◆ What is being asked
All of the records that follow need to be copied word for word, without the pictures.
- - - - - - -
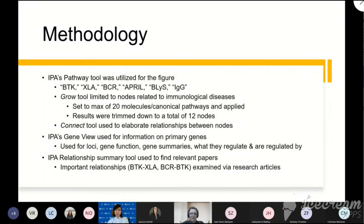My primary figure from IPA was generated using the pathway tool. The initial search terms used were BTK, XLA, BCR, and immunoglobulin G, entered into the pathway search bar under the relevant category. After researching articles relating to all of these, we added the search terms APRIL and BLIS, displayed in the figure as tumor necrosis factor superfamily members 13 and 13B, or TNFSF for short. After setting up these primary nodes, we used the GROW tool, limited to only immunological disease nodes, to expand the pathway by about 20 molecules, and applied the connect tool to fill in any missing relationships between them. We trimmed the results down to a total of 12 nodes seen in the figure, then used the IPA gene fuel and relationship summary tools to gain background knowledge on the genes of interest and the primary relationships between them.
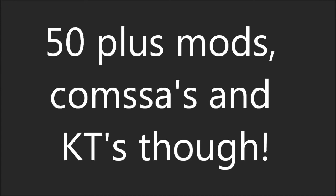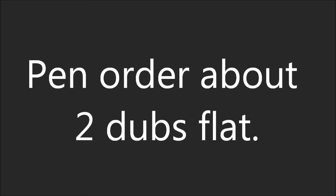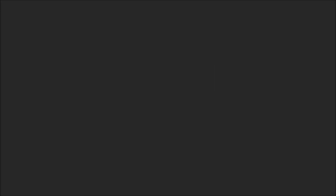Go Dio Brando, Neo Genesis. When I was dead broke man, I couldn't picture this. Fifty plus mods, commsas, and KT's though. Got two cases with the fresh clean logos. Pen order about two doves flat, no need to worry, my bassa handles that.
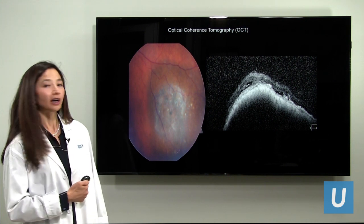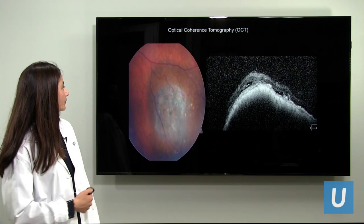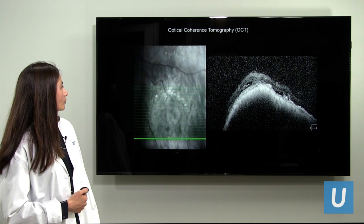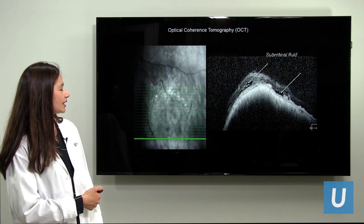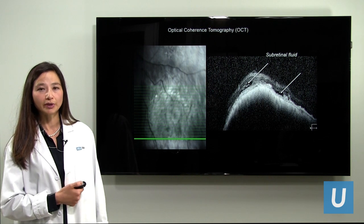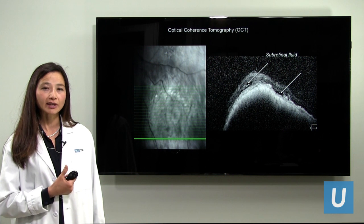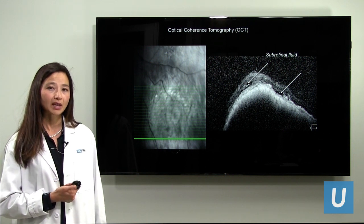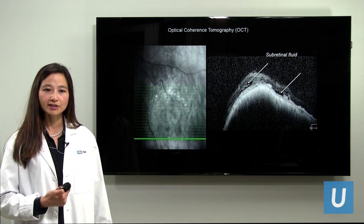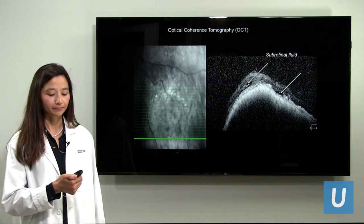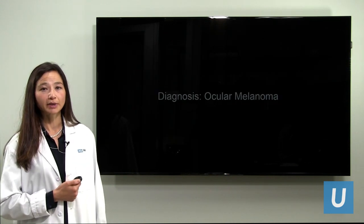Optical coherence tomography shows the melanoma, and scanning through we can see areas of subretinal fluid to the right. Fluid is a sign of activity because active cancer cells are leaking fluid. In a larger melanoma, the fluid is much more extensive and constitutes a retinal detachment. The diagnosis here is ocular melanoma.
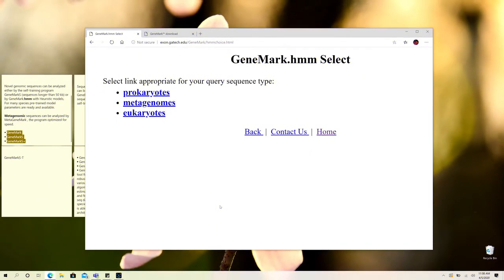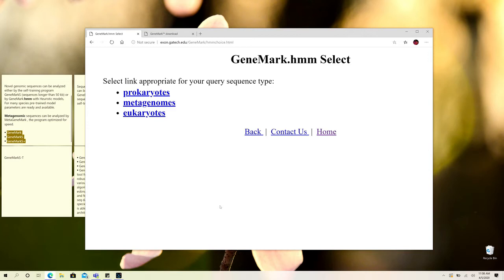In this video we will show you how you can utilize the GeneMark tool for the prediction of genes from a novel genome that you have just sequenced from a particular laboratory or through a research project.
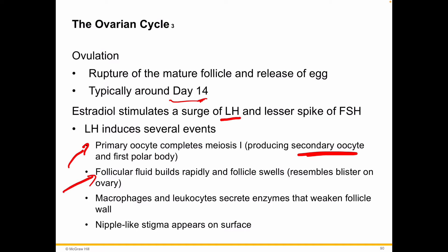Follicular fluid builds rapidly as the follicle gets bigger and bigger, and it can look on the surface of the ovary like the ovary has a blister there. Autophagy leukocytes start secreting enzymes that chew up the follicle wall, getting it ready for release, and it's going to look a little like nipples on top of the surface.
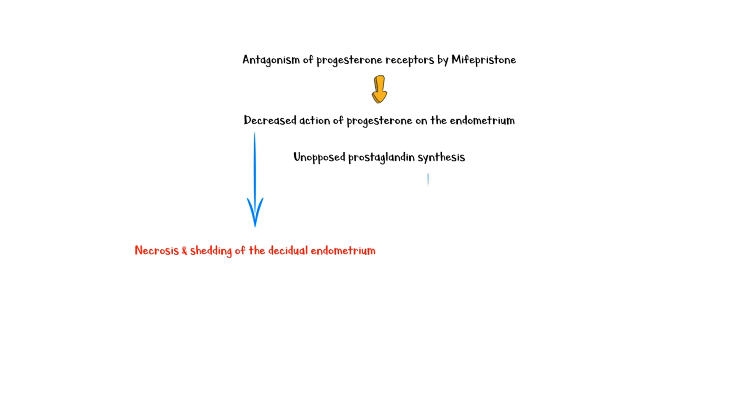Unopposed prostaglandin synthesis leads to increased contractions of the uterine smooth muscle cells, which also makes implantation difficult.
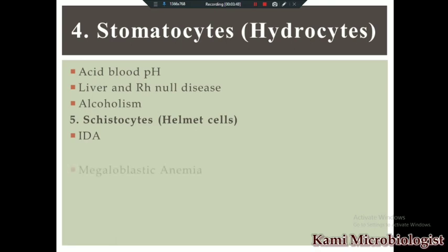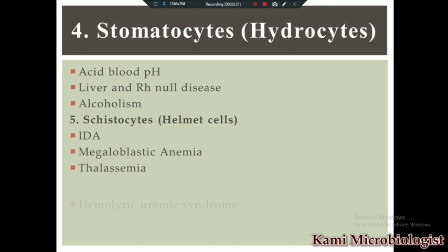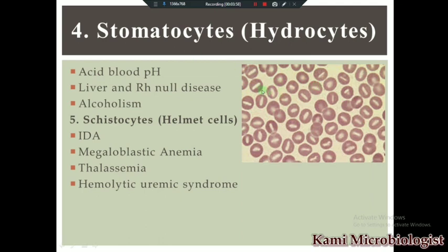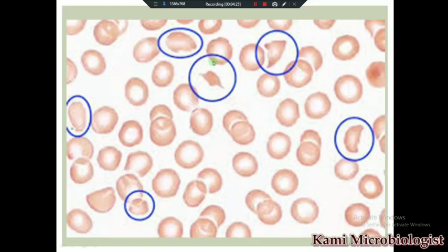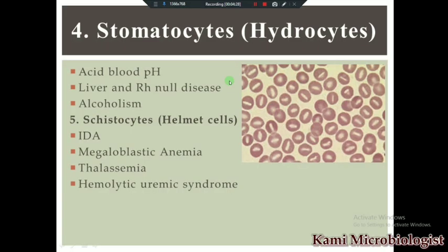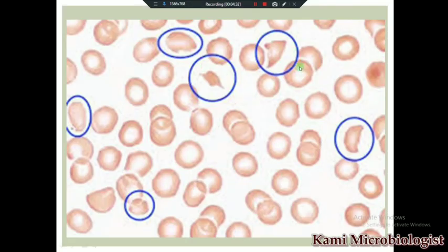Then we have schistocytes, also called helmet cells. Schistocytes are present in cases of iron deficiency anemia, megaloblastic anemia, thalassemia, and hemolytic uremic syndrome. Looking at the images: stomatocytes have a slit-like pale center — the RBC appears divided into two forms. Schistocytes look like a helmet shape when viewed under the microscope.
- - - - - - -
◆ Result of the task
My primary figure from IPA was generated using the pathway tool. The initial search terms used were BTK, XLA, BCR, and immunoglobulin G, entered into the pathway search bar under the relevant category. After researching articles relating to all of these, we added the search terms APRIL and BLIS, displayed in the figure as tumor necrosis factor superfamily members 13 and 13B, or TNFSF for short. After setting up these primary nodes, we used the GROW tool, limited to only immunological disease nodes, to expand the pathway by about 20 molecules, and applied the connect tool to fill in any missing relationships between them. We trimmed the results down to a total of 12 nodes seen in the figure, then used the IPA gene fuel and relationship summary tools to gain background knowledge on the genes of interest and the primary relationships between them.
Go Dio Brando, Neo Genesis. When I was dead broke man, I couldn't picture this. Fifty plus mods, commsas, and KT's though. Got two cases with the fresh clean logos. Pen order about two doves flat, no need to worry, my bassa handles that.
Optical coherence tomography shows the melanoma, and scanning through we can see areas of subretinal fluid to the right. Fluid is a sign of activity because active cancer cells are leaking fluid. In a larger melanoma, the fluid is much more extensive and constitutes a retinal detachment. The diagnosis here is ocular melanoma.
In this video we will show you how you can utilize the GeneMark tool for the prediction of genes from a novel genome that you have just sequenced from a particular laboratory or through a research project.
Follicular fluid builds rapidly as the follicle gets bigger and bigger, and it can look on the surface of the ovary like the ovary has a blister there. Autophagy leukocytes start secreting enzymes that chew up the follicle wall, getting it ready for release, and it's going to look a little like nipples on top of the surface.
Unopposed prostaglandin synthesis leads to increased contractions of the uterine smooth muscle cells, which also makes implantation difficult.
Then we have schistocytes, also called helmet cells. Schistocytes are present in cases of iron deficiency anemia, megaloblastic anemia, thalassemia, and hemolytic uremic syndrome. Looking at the images: stomatocytes have a slit-like pale center — the RBC appears divided into two forms. Schistocytes look like a helmet shape when viewed under the microscope.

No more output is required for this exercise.